- ACTION ITEM: The listing below should be written out word for word, with its pictures removed.

- DATA SHOWN:

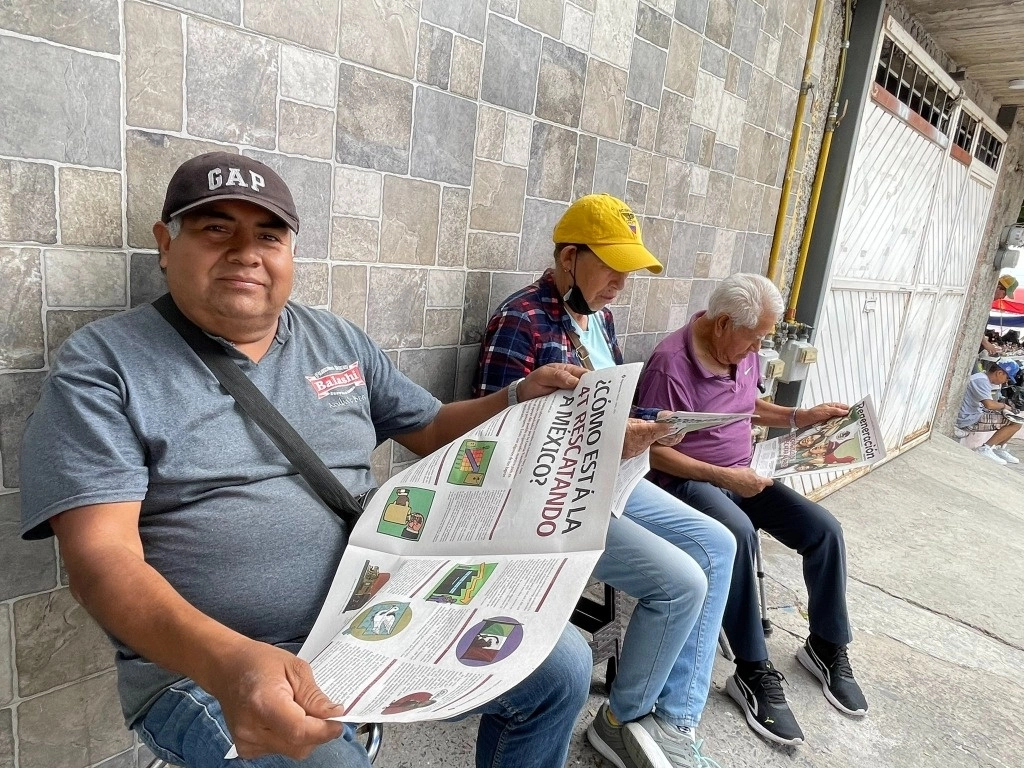 El periódico Regeneración, perteneciente a Morena, no incurrió el actos adelantados de campaña, resolvió el TEPJF. Foto @AvseFernando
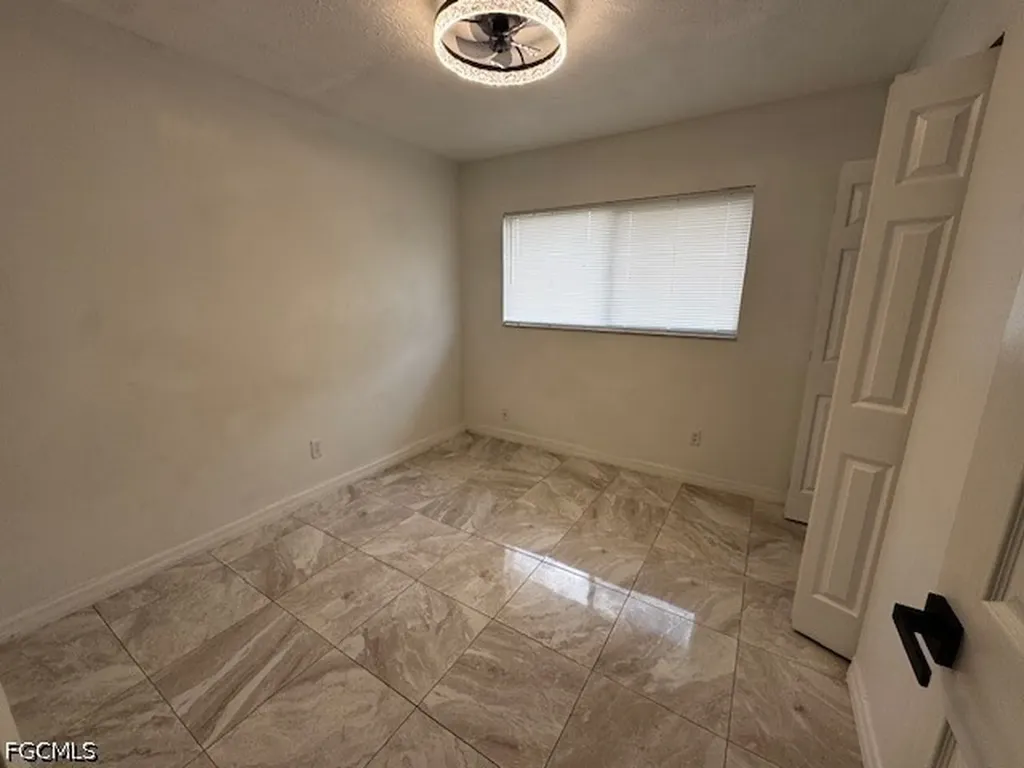 1245 SE 8th Street Cape Coral FL 33990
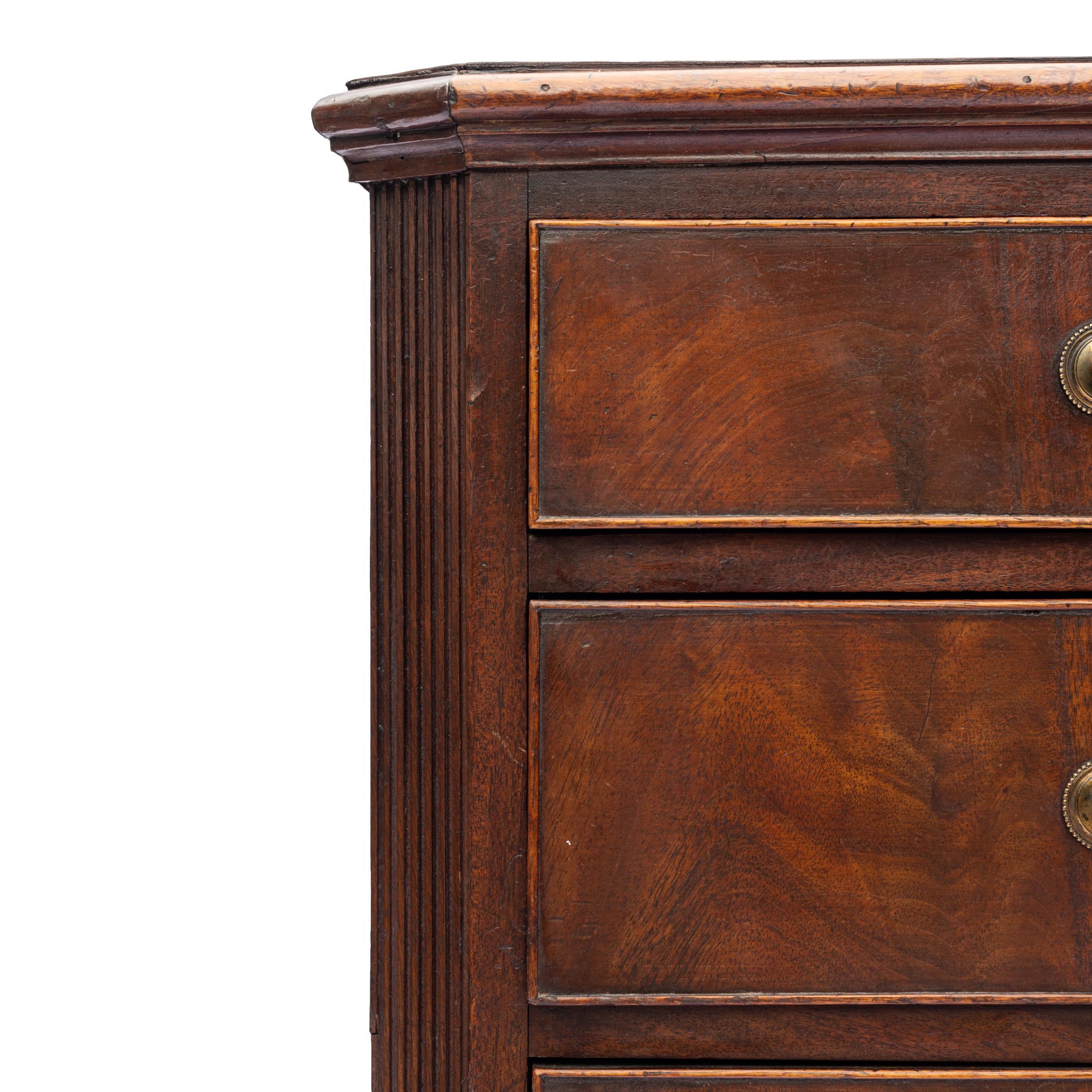 George III Mahogany Chest with Banded Top, Canted Corners, and Reeded Posts,  For Sale 5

- WRITTEN ANSWER:
 El periódico Regeneración, perteneciente a Morena, no incurrió el actos adelantados de campaña, resolvió el TEPJF. Foto @AvseFernando
 1245 SE 8th Street Cape Coral FL 33990
 George III Mahogany Chest with Banded Top, Canted Corners, and Reeded Posts,  For Sale 5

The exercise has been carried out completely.